Labour councillor delays works on Galway bikes scheme

— Councillors claimed they wanted more docking stations in suburbs but majority sign motion to stop key station outside city centre
— Councillor admits being confused about location, then claims there was no consultation
— Motorists not the only ones unhappy: Nearly 200 people sign online petition asking for more not less regular bicycle parking

Labour councillor, Billy Cameron, is leading a campaign to stop work on three bike share docking stations in Galway City, just over two weeks ahead of the planned launch of the system in the city.

Connachttribune.ie reports that work has been “temporarily suspended” on docking locations at University Road, Merchants Road and Fr Griffin Road until after a meeting between council managment and counclors.

Cameron’s comments comes soon after his fellow city councillor, Pádraig Conneely, a member of Fine Gael who represents the same area of the city, branded cyclists as “cowboy cyclists” — although he gained more media attention for the generalisation last week, he has made the comments before, including at least once at a council meeting in 2012.

Cllr Cameron’s main focused is on the University Road stop outside NUI Galway, one of only two 30-space docking stations in Galway.
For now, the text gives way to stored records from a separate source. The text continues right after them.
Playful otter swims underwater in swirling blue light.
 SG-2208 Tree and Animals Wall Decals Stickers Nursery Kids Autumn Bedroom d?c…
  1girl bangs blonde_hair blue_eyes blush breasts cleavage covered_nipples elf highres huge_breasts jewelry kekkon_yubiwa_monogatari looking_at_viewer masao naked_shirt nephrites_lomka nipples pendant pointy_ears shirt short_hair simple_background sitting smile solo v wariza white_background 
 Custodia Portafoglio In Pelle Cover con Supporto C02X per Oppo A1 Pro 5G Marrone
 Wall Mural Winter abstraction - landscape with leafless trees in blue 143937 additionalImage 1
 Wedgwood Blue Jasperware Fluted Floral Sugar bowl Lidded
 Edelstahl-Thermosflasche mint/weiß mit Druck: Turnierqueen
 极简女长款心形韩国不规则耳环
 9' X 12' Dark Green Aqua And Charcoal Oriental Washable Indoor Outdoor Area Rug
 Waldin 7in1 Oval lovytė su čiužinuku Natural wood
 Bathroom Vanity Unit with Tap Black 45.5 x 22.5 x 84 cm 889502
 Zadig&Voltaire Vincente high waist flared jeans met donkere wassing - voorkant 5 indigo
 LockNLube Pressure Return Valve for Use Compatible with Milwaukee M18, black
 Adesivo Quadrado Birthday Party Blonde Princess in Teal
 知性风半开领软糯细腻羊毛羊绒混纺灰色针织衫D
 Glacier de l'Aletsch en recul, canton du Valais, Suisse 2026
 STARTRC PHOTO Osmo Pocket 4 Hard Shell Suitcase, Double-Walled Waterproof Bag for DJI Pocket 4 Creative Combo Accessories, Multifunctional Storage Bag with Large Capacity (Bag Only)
He is calling the removal of car parking spaces to make way for the station “absolutely crazy” — also claiming people will not be able to put out their bins and that, if the station was on the other side of the road, users would not have to cross the road.

There has been large-scale, advertised public consultation on the location of the bike share stations, but Cllr Cameron claims there has been “no consultation whatsoever with local residents” — although talking previously to reporters he admitted that he was unclear about the location, in September he told the Galway City Tribune: “…When they talked about University Road I assumed it would be on the other side of the road across…”.

He also has claimed to the Tribune: “People who take the bikes will most likely be heading into town and they’ll have to cross the road. It will also affect the collection of refuse as the residents will no longer be able to put out their bins there.”

However, its unclear how the the claim of being unable to put waste bins out for kerb-side collection can be supported — a bicycle docking station will less obstructive that a less permeable row of cars.

Cameron’s comments on people having to cross the road seems to show that he does not know how public bike schemes work — in that people take bicycles in both directions and will have to cross the road regardless of which side of the road a station is place on.

But motorists are not the only ones unhappy with the affects of docking station locations. In reaction to the removal of general bicycle parking to make room for docking stations, nearly 200 people have signed an online petition in the last 48 hours asking for “More, not less, free public bike stands installed in the city”.

The petition says: “The Galway City Council and The Department of Transport are removing an number of free public stands from the streets of Galway. These are used by people every day and there is already an under-supply of them. These stands will be replaced by “Coke Zero” Bike hire scheme. No intention to replace the free public bike stands has been announced.”

It adds: “Where where are people from Galway expected to lock their bicycles? We will be forced to lock them to poles and railings blocking the footpaths and pedestrians in the process. City Councillors will then begin criticising cyclists more for obstructing streets and pathways!”

The news of yet another delay comes after updated launch dates for the three regional bike share schemes released by the National Transport Authority, it said last week that Galway is due to open the week of November 10; Limerick by the end of November and Cork in mid-December. It’s unclear at this stage of the Galway launch date will be affected.

2 Comments

  1. Good article but as I understand it the online petition is actually about the recent or ongoing removal of ordinary bike parking (partly to facilitate the bike share stations), and looking for more ordinary bike parking rather than more bike share stations.

  2. Thanks for that — fixed now. Misread “free public bike” = the bike scheme, which is what some called it at first in Dublin.